*Task to carry out*
In the entries that follow, find the line containing "Dandelion 3D Model", then output exactly every line from the first through that one.

Records from a data source:

-*-*-

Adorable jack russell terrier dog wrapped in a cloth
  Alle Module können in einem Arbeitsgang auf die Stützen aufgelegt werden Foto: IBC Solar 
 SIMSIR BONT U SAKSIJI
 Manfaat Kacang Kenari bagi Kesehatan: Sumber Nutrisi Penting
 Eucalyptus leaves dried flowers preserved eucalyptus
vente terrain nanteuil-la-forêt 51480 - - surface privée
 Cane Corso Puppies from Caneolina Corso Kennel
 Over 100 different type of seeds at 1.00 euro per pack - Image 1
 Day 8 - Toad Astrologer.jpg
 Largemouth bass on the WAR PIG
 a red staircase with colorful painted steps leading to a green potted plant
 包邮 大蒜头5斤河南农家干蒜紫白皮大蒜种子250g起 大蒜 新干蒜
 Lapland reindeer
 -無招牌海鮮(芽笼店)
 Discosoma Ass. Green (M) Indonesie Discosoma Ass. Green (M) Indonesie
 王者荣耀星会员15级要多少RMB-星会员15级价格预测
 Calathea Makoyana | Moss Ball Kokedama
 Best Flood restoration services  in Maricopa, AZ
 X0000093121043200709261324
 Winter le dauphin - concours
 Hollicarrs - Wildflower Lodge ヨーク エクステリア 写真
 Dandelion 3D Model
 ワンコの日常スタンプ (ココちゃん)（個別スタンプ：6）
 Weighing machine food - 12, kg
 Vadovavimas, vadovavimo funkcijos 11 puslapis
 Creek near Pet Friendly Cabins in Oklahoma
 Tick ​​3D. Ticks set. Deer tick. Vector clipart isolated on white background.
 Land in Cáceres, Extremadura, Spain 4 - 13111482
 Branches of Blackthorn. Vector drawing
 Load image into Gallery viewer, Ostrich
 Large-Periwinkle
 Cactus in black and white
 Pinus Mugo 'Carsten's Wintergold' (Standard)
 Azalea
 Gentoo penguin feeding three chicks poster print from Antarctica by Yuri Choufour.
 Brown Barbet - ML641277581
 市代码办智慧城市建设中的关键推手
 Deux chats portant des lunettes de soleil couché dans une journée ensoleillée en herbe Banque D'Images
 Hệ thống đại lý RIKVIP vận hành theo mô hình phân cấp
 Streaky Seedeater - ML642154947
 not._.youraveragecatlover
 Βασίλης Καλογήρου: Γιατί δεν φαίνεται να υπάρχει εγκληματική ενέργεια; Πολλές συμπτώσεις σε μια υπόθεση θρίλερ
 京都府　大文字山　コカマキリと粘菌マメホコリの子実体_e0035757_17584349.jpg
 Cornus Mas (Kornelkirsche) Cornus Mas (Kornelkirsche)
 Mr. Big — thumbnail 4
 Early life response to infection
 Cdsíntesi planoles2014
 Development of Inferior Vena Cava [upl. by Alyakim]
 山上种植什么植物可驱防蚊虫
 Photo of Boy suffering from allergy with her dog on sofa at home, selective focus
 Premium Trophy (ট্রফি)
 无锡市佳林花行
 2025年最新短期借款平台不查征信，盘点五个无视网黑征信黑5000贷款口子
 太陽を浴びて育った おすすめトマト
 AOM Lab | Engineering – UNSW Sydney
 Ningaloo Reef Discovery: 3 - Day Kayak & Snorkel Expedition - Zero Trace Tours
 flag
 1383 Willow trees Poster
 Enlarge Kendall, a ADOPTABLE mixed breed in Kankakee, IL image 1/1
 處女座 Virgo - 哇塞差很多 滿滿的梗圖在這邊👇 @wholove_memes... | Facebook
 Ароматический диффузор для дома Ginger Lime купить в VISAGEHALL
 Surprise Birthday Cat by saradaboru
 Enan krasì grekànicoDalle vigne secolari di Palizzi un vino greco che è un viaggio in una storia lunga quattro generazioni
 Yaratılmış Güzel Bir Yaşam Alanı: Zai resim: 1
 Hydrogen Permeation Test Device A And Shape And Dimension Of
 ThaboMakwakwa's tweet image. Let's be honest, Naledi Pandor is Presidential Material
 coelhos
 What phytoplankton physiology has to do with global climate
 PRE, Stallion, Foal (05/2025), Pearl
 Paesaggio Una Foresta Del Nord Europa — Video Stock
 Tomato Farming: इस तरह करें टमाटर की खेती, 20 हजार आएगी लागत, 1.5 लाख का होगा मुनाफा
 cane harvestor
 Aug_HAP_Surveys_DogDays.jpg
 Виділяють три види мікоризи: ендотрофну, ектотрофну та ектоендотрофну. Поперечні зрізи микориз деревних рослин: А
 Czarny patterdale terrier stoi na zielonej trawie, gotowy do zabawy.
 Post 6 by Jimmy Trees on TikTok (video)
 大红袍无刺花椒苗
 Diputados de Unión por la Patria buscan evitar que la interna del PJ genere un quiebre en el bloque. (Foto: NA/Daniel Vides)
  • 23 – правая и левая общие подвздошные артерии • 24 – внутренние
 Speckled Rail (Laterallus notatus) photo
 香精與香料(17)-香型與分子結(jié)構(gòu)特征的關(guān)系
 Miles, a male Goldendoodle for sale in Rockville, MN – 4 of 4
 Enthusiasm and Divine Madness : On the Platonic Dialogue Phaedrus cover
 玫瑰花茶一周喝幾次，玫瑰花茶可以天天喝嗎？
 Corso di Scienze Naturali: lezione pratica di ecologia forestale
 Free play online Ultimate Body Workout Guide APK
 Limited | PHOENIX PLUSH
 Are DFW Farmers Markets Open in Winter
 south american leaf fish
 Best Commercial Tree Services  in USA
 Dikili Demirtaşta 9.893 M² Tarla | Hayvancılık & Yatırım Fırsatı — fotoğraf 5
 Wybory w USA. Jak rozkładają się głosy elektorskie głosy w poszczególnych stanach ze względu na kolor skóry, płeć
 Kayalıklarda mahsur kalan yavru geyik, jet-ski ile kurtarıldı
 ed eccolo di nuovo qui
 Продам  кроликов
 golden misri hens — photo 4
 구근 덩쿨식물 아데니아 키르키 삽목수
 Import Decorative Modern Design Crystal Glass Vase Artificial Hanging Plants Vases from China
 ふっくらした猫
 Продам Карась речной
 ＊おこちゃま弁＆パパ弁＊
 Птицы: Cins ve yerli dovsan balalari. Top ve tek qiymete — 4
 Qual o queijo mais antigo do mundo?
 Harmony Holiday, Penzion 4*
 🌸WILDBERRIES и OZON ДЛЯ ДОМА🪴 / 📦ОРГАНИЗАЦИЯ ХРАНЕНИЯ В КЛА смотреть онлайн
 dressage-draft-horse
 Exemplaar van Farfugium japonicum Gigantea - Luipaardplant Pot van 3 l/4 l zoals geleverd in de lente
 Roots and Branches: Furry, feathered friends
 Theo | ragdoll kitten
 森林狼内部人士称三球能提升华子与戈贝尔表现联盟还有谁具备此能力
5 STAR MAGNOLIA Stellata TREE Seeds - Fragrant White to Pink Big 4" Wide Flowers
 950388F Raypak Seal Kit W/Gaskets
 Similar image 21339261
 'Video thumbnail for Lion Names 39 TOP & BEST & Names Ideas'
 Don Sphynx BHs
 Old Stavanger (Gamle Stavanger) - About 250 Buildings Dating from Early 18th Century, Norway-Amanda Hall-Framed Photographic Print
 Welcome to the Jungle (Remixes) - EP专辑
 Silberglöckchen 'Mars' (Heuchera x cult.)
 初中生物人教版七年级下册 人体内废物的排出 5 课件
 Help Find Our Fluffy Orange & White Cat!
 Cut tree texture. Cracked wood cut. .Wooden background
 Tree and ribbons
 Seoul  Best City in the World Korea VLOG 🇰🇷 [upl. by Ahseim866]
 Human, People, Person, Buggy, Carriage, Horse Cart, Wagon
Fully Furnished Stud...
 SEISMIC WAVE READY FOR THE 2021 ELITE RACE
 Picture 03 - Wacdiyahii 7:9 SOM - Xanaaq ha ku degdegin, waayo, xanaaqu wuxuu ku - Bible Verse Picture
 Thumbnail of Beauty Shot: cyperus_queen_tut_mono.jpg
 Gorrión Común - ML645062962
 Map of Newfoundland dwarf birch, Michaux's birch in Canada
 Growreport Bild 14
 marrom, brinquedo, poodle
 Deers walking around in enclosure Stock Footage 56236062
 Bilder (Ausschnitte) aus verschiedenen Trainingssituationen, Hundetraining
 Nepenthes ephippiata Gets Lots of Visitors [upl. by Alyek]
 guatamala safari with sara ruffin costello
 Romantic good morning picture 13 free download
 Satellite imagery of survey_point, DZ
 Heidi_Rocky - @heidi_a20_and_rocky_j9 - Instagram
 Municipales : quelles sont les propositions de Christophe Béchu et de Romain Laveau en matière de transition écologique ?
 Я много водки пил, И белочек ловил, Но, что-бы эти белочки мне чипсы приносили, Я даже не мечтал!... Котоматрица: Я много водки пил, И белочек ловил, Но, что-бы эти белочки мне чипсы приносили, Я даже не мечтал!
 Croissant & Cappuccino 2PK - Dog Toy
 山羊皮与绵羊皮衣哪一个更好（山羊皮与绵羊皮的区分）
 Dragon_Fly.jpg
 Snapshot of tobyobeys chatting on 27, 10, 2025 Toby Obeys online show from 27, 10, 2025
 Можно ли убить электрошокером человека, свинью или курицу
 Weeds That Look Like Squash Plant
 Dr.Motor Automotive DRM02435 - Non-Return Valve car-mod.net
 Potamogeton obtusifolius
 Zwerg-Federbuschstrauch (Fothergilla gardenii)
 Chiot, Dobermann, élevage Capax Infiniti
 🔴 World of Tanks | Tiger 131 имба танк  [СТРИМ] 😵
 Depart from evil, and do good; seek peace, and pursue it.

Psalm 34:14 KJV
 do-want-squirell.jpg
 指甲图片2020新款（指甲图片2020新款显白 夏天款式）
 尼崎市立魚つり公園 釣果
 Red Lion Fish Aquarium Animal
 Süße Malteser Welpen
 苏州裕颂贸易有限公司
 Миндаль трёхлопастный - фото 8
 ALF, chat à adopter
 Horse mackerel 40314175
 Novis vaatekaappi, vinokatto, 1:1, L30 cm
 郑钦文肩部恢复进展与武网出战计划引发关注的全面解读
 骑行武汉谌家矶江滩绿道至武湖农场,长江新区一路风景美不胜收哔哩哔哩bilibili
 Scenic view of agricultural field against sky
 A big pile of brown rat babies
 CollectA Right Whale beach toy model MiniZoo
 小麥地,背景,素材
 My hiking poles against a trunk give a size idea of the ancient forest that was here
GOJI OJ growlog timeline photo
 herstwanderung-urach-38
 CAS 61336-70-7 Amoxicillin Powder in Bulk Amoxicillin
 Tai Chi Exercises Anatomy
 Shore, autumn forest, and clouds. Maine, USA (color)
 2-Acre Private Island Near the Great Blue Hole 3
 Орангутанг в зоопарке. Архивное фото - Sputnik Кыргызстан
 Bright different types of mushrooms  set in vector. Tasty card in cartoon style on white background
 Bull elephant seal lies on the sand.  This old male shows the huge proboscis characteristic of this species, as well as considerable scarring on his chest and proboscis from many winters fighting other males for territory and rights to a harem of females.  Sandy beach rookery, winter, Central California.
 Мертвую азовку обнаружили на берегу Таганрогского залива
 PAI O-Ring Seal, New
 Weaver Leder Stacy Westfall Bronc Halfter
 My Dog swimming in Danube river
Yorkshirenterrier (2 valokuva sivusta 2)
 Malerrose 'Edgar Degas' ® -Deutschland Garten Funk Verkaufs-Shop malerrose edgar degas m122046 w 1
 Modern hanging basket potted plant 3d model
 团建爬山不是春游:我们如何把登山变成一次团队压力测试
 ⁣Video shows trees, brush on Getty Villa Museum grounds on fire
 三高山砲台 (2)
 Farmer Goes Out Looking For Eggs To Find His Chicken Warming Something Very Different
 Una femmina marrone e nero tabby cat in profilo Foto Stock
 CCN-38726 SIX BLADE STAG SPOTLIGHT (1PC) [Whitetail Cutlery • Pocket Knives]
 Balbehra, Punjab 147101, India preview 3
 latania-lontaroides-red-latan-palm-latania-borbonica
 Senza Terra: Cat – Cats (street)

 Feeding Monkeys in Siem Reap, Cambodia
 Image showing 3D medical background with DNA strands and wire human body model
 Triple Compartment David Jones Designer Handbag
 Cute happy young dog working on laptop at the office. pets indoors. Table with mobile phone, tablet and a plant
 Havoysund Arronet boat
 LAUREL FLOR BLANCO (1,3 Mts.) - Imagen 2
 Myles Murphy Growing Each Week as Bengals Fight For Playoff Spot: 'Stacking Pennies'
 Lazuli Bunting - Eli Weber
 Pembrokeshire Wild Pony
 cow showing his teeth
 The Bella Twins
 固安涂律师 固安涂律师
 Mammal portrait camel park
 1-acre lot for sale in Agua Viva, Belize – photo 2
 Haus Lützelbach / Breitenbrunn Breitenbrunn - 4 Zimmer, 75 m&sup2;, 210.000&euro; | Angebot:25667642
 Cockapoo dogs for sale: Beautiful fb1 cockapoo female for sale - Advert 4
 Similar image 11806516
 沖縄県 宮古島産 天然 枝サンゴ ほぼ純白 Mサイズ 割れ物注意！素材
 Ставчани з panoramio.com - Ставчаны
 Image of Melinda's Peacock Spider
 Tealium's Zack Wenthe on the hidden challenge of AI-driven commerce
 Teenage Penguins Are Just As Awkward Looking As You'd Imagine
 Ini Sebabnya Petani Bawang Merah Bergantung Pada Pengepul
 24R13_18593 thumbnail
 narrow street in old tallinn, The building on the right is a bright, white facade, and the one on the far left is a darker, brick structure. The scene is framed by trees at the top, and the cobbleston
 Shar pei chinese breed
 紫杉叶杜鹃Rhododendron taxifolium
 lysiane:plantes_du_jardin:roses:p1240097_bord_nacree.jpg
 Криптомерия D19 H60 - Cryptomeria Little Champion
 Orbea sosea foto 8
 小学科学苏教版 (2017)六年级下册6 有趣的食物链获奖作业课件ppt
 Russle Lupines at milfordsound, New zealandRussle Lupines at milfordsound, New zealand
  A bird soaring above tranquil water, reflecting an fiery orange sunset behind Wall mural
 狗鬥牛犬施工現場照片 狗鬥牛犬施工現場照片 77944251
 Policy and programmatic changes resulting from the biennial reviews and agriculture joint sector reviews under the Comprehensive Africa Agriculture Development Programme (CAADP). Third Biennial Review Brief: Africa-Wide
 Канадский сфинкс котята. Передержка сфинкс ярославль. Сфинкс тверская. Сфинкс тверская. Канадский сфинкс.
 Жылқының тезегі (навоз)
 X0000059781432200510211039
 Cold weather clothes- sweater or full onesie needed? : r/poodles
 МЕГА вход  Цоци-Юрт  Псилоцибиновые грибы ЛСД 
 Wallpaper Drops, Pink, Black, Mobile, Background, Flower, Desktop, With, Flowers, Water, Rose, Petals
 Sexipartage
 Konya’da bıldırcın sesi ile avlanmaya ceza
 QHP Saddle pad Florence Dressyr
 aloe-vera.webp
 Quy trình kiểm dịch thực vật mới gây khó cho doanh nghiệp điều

-*-*-

*Solution for this problem*
Adorable jack russell terrier dog wrapped in a cloth
  Alle Module können in einem Arbeitsgang auf die Stützen aufgelegt werden Foto: IBC Solar 
 SIMSIR BONT U SAKSIJI
 Manfaat Kacang Kenari bagi Kesehatan: Sumber Nutrisi Penting
 Eucalyptus leaves dried flowers preserved eucalyptus
vente terrain nanteuil-la-forêt 51480 - - surface privée
 Cane Corso Puppies from Caneolina Corso Kennel
 Over 100 different type of seeds at 1.00 euro per pack - Image 1
 Day 8 - Toad Astrologer.jpg
 Largemouth bass on the WAR PIG
 a red staircase with colorful painted steps leading to a green potted plant
 包邮 大蒜头5斤河南农家干蒜紫白皮大蒜种子250g起 大蒜 新干蒜
 Lapland reindeer
 -無招牌海鮮(芽笼店)
 Discosoma Ass. Green (M) Indonesie Discosoma Ass. Green (M) Indonesie
 王者荣耀星会员15级要多少RMB-星会员15级价格预测
 Calathea Makoyana | Moss Ball Kokedama
 Best Flood restoration services  in Maricopa, AZ
 X0000093121043200709261324
 Winter le dauphin - concours
 Hollicarrs - Wildflower Lodge ヨーク エクステリア 写真
 Dandelion 3D Model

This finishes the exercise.